There's no perfect answer to this. You could try to analyse lots of recursive programs to see what statement(s) they are most commonly recursive in, but it's not very scientific.
ENDFN is somewhat a special case, in that it finishes with a return, rather than continuing around the while loop. This meant that my bbexec2.c had to deal with that case separately. As a result the compiler has inlined the function anyway.
I would be interested in seeing the disassembly, with source code, of your two versions with and without ENDFN inlined.
The SDK does not include source code in the disassembly it produces. However you can produce a disassembly with source code using the command:
arm-none-eabi-objdump -Sd build/bbcbasic.elf >build/bbcbasic.dis
Alternately, please will you post your current version of bbexec.c here so that I can do the experiment.

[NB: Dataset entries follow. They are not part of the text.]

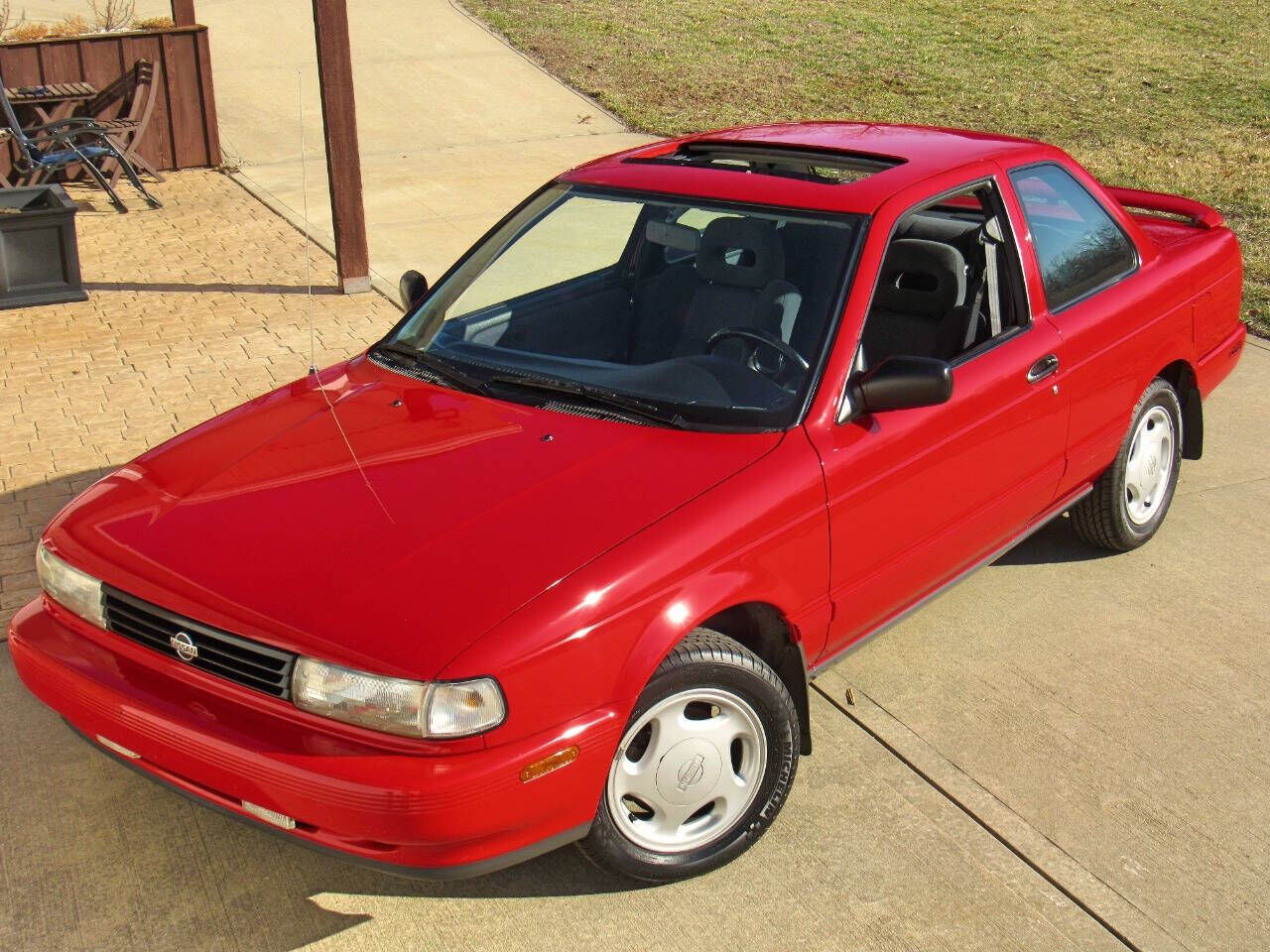 Nissan Sentra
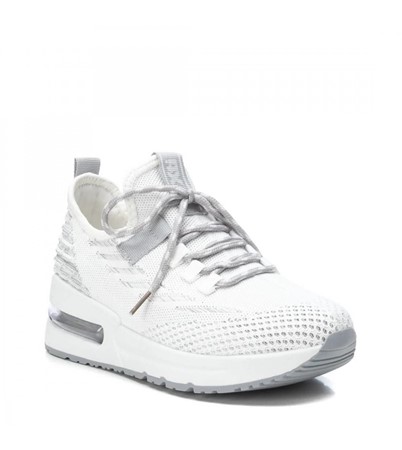 Deportivo Textil Mujer xti 42691 Blanco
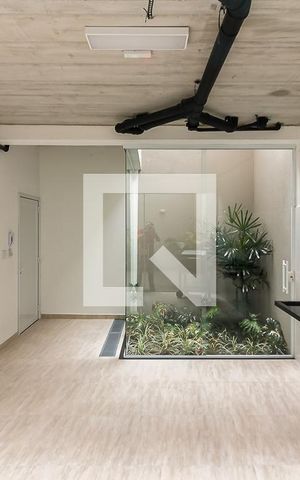 Apartamento à venda com 54m², 1 quarto e sem vagaÁrea comum - Salão de festas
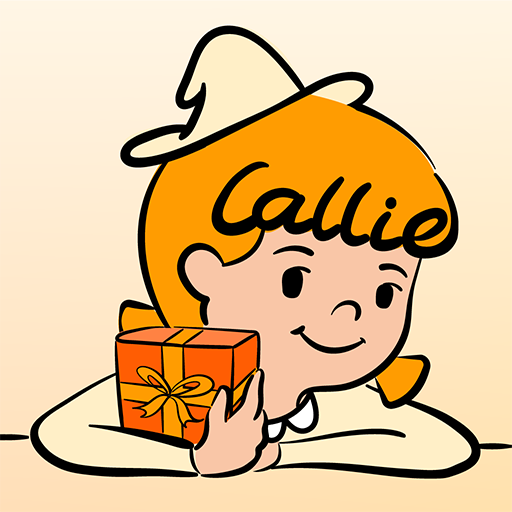 Callie: Make Gifting Unique Google Play icon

ENDFN is somewhat a special case, in that it finishes with a return
That's unimportant (my 'nested function' approach can handle a non-void function just as easily as a void one). What matters is that it calls expr()
and is therefore in the recursive 'chain': its stack frame contributes to the 'stack usage per level of recursion'.
To prove the point, change the recursive statement to something other than ENDFN, for example an assignment:
PRINT FN1(0)
END
DEF FN1(A%)
PRINT A%
A% = FN1(A% + 1)
= A%
This is functionally equivalent to the previous example, but now inlining ENDFN won't reduce the overall stack usage as it did before, it will either increase it or make no difference. However inlining LET, which would have had a negative effect on the previous example will now be beneficial!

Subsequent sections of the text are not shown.